═══ Supplied records ═══

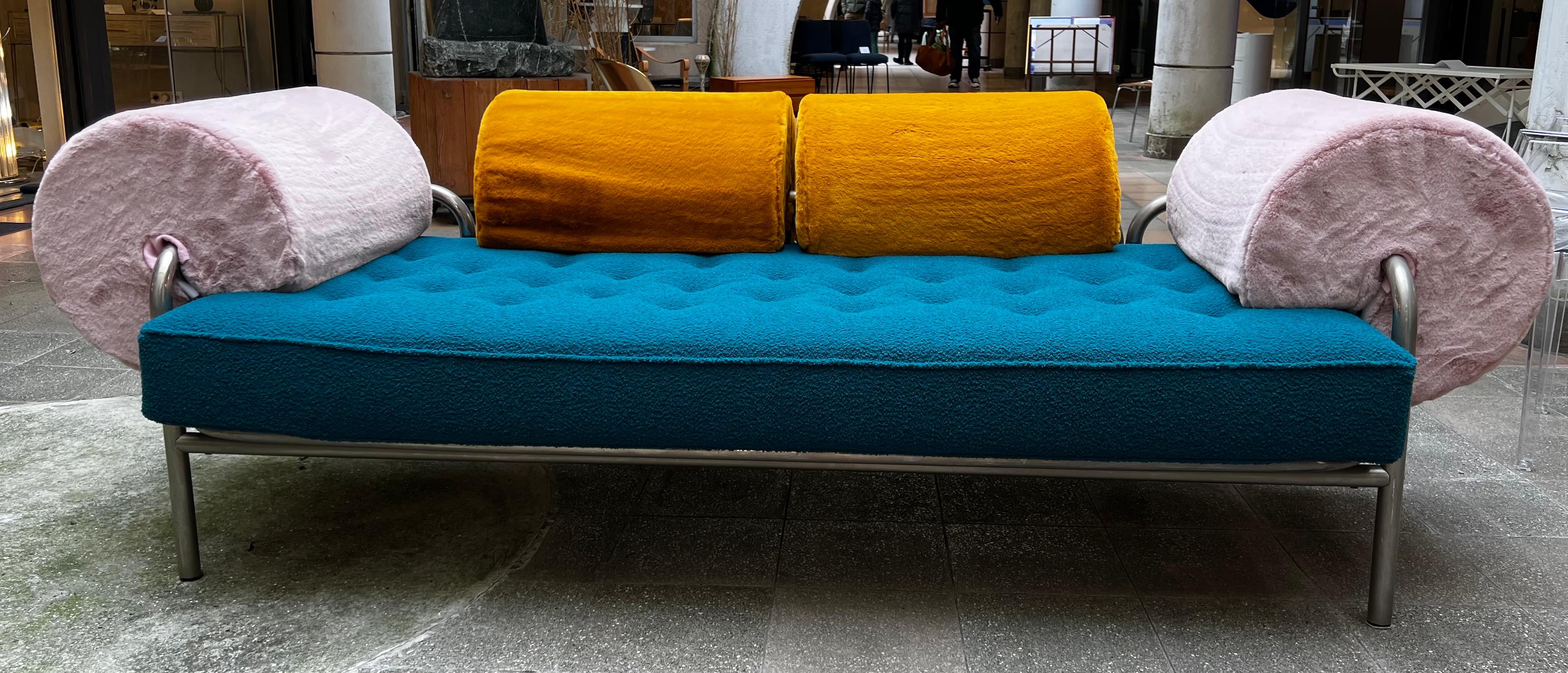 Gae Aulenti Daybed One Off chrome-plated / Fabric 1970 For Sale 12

═══
═══ Supplied records ═══

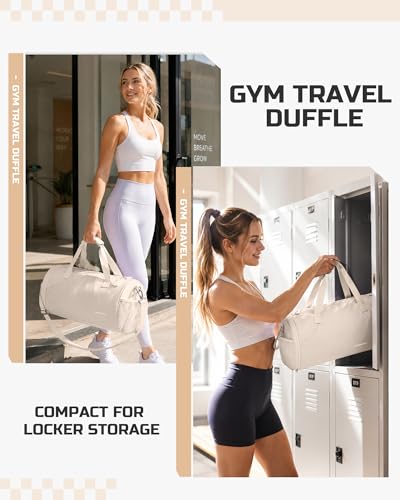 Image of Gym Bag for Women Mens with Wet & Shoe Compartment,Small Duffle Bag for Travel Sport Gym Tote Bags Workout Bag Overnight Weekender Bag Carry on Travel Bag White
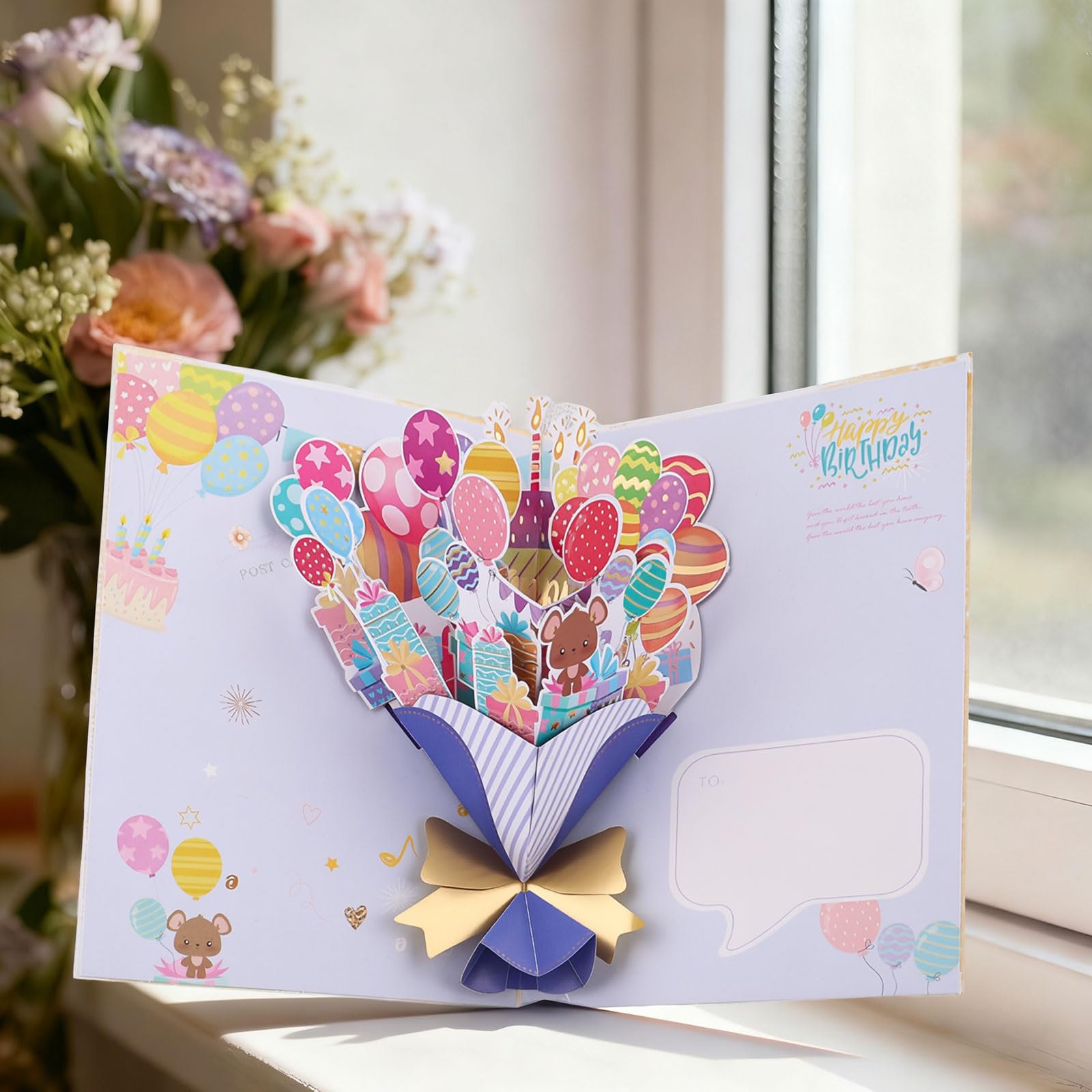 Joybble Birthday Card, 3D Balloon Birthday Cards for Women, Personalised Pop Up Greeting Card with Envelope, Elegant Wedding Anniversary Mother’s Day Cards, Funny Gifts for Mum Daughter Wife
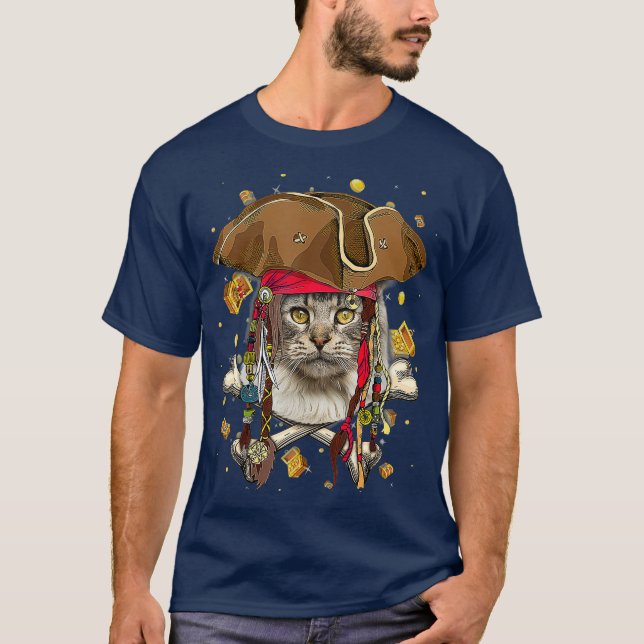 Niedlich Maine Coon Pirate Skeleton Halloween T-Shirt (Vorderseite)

═══

Problem description:
Write out word for word the lines above that run from the one with "Joybble Birthday Card, 3D" to the one with "Niedlich Maine Coon". Include both end lines; exclude the images.

Answer box:
 Joybble Birthday Card, 3D Balloon Birthday Cards for Women, Personalised Pop Up Greeting Card with Envelope, Elegant Wedding Anniversary Mother’s Day Cards, Funny Gifts for Mum Daughter Wife
 Niedlich Maine Coon Pirate Skeleton Halloween T-Shirt (Vorderseite)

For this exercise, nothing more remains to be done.